• THE TASK:
Once you reach the line containing "Страница 53" in the data below, restate each line word for word up to and including the one containing "Kontenklassen Ziele/Kompetenzen: Konten".

-- Opening Marker --

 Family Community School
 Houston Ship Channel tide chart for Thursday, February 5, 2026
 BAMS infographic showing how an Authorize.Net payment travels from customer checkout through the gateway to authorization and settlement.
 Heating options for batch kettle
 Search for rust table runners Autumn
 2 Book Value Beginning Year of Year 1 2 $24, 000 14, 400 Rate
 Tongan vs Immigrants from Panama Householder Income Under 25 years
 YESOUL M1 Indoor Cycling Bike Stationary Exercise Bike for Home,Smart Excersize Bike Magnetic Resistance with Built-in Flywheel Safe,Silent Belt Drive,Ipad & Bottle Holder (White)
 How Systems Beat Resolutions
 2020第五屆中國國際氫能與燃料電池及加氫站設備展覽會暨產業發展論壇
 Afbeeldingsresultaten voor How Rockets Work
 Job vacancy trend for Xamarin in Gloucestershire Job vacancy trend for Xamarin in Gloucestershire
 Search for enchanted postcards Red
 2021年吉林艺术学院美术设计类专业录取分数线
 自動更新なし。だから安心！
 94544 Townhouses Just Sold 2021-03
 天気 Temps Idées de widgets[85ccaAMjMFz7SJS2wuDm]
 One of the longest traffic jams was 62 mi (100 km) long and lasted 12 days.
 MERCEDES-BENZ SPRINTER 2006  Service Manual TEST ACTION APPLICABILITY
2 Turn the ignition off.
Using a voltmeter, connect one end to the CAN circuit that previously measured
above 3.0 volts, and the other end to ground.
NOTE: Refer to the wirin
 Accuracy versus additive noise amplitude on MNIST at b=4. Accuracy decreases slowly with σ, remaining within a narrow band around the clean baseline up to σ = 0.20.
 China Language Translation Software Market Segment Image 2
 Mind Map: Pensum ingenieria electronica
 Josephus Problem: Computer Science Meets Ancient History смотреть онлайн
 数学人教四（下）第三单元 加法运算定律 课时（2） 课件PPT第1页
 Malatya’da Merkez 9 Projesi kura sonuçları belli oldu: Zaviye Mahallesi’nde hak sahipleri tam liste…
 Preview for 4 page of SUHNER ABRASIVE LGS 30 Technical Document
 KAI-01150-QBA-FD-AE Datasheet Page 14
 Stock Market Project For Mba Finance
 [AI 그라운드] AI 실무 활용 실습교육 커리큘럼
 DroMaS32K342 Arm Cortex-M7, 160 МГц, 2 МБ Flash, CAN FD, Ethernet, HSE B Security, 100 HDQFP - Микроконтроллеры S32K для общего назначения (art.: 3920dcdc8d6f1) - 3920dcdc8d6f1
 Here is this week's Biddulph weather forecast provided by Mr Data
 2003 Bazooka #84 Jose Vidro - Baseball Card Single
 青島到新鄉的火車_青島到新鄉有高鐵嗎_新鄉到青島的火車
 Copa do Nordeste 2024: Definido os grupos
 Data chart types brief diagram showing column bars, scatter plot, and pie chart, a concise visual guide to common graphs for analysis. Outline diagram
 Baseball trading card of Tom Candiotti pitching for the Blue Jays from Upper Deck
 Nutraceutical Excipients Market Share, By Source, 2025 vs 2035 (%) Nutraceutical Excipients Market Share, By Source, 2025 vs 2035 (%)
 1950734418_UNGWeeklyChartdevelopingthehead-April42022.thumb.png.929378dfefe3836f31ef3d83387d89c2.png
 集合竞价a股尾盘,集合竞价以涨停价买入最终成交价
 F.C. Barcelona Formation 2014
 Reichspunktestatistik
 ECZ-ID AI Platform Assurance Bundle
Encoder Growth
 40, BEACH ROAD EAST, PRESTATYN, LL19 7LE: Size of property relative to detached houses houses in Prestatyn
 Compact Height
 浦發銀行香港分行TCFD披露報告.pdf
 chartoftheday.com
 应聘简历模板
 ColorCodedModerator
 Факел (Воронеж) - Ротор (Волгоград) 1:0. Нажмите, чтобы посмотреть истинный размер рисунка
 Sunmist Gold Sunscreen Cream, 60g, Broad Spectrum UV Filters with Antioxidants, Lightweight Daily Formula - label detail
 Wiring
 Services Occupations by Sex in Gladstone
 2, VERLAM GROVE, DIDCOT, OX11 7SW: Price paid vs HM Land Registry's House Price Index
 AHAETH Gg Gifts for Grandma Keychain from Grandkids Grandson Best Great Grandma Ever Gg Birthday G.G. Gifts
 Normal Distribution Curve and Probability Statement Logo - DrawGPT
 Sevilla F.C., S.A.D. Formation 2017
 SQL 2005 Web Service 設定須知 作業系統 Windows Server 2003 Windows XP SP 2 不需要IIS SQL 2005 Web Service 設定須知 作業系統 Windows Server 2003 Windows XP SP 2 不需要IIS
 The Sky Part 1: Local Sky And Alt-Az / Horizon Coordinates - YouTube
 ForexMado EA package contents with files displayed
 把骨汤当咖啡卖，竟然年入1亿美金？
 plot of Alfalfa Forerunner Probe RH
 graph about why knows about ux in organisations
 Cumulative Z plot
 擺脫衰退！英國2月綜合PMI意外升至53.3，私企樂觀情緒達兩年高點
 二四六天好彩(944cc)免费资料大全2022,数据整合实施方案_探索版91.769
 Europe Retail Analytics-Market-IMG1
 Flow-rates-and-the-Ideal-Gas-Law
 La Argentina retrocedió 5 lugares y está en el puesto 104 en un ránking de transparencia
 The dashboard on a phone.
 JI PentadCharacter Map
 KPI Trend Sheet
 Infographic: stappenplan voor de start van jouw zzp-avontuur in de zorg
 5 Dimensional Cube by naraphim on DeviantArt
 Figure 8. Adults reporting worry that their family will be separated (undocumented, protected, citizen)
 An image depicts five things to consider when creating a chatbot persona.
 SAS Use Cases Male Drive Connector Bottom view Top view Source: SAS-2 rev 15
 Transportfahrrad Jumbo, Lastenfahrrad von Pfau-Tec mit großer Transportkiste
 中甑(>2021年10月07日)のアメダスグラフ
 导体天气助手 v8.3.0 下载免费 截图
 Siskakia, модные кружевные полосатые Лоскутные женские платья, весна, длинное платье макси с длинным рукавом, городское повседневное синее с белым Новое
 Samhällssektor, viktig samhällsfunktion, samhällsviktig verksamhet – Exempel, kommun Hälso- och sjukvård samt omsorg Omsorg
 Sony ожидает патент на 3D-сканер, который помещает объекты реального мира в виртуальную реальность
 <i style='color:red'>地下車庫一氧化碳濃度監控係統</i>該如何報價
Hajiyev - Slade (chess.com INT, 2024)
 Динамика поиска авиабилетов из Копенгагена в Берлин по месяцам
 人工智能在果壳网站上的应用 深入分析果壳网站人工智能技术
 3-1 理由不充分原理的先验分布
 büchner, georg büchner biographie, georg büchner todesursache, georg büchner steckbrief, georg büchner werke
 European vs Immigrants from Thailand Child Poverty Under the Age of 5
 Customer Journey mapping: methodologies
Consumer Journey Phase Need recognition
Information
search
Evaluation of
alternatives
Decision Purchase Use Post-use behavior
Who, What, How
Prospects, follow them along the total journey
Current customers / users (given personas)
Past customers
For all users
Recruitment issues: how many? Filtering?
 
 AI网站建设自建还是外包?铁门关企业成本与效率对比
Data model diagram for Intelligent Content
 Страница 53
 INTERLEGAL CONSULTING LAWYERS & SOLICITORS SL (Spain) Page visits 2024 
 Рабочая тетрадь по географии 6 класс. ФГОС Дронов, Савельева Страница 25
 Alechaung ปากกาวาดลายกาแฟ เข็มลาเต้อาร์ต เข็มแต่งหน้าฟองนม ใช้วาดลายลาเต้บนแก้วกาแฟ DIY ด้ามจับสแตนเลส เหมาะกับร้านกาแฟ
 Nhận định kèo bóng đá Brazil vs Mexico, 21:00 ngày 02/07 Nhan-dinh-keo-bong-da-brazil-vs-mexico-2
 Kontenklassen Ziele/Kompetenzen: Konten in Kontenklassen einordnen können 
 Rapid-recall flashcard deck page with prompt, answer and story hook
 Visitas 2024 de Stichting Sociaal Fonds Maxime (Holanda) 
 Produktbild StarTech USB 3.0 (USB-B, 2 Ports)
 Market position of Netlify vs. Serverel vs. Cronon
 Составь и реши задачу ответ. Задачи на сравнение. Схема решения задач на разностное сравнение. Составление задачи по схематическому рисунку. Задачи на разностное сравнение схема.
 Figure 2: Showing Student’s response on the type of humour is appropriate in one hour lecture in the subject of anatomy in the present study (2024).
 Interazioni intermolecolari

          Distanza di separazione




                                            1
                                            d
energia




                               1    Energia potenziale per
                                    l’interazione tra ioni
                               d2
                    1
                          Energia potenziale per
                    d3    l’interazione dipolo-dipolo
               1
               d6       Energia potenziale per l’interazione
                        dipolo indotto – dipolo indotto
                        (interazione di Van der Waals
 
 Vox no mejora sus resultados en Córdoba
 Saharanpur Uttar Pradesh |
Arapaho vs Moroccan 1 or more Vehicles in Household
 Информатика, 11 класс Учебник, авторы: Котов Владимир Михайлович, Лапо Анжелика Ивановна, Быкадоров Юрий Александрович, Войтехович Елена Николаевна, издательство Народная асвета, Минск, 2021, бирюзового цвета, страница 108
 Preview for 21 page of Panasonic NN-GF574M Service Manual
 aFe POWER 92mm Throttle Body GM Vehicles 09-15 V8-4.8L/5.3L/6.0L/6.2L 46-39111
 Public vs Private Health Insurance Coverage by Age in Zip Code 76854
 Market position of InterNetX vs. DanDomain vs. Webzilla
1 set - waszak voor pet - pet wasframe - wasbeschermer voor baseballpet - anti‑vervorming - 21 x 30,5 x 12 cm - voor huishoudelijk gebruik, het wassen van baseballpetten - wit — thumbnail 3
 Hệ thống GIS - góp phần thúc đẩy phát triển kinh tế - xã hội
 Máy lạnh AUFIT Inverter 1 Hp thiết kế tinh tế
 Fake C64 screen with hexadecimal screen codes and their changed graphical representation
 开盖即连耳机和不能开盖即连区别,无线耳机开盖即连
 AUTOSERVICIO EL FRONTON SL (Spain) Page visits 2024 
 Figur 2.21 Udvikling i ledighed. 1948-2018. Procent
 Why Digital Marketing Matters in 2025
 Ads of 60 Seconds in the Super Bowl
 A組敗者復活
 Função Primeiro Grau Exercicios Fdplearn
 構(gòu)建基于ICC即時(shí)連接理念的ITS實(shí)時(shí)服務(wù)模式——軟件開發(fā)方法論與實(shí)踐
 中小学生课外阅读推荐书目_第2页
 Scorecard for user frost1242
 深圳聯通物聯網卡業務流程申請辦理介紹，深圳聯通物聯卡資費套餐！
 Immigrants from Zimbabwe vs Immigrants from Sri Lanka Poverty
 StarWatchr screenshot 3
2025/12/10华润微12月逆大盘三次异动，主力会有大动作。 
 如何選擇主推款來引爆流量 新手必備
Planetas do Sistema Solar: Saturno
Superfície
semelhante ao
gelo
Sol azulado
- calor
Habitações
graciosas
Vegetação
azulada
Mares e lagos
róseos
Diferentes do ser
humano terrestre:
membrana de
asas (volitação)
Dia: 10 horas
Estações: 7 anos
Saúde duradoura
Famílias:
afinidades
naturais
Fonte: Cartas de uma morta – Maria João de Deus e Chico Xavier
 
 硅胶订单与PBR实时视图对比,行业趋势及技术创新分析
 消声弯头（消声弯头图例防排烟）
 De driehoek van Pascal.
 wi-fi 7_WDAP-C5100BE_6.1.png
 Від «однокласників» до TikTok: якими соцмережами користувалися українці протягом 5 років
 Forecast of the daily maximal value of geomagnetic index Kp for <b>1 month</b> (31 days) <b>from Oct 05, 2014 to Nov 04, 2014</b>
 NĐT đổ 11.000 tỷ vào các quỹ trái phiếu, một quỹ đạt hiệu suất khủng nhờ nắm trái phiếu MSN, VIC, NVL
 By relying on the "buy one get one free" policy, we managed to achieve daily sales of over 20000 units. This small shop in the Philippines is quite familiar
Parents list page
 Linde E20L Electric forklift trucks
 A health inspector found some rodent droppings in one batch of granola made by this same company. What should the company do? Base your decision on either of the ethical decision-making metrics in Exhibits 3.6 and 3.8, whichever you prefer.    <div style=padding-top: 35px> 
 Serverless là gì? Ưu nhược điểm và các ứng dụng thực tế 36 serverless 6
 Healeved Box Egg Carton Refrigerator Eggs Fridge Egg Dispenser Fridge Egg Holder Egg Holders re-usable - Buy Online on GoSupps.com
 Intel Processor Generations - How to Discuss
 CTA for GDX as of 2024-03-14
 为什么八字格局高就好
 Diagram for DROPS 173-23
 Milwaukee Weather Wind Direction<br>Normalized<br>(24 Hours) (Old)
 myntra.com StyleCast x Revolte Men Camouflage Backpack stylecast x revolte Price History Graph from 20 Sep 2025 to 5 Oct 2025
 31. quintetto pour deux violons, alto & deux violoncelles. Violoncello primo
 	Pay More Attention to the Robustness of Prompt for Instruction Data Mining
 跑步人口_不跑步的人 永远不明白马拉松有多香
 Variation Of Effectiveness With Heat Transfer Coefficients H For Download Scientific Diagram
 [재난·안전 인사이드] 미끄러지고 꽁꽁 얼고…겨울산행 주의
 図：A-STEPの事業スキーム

-- Closing Marker --

• WRITTEN SOLUTION:
 Страница 53
 INTERLEGAL CONSULTING LAWYERS & SOLICITORS SL (Spain) Page visits 2024 
 Рабочая тетрадь по географии 6 класс. ФГОС Дронов, Савельева Страница 25
 Alechaung ปากกาวาดลายกาแฟ เข็มลาเต้อาร์ต เข็มแต่งหน้าฟองนม ใช้วาดลายลาเต้บนแก้วกาแฟ DIY ด้ามจับสแตนเลส เหมาะกับร้านกาแฟ
 Nhận định kèo bóng đá Brazil vs Mexico, 21:00 ngày 02/07 Nhan-dinh-keo-bong-da-brazil-vs-mexico-2
 Kontenklassen Ziele/Kompetenzen: Konten in Kontenklassen einordnen können 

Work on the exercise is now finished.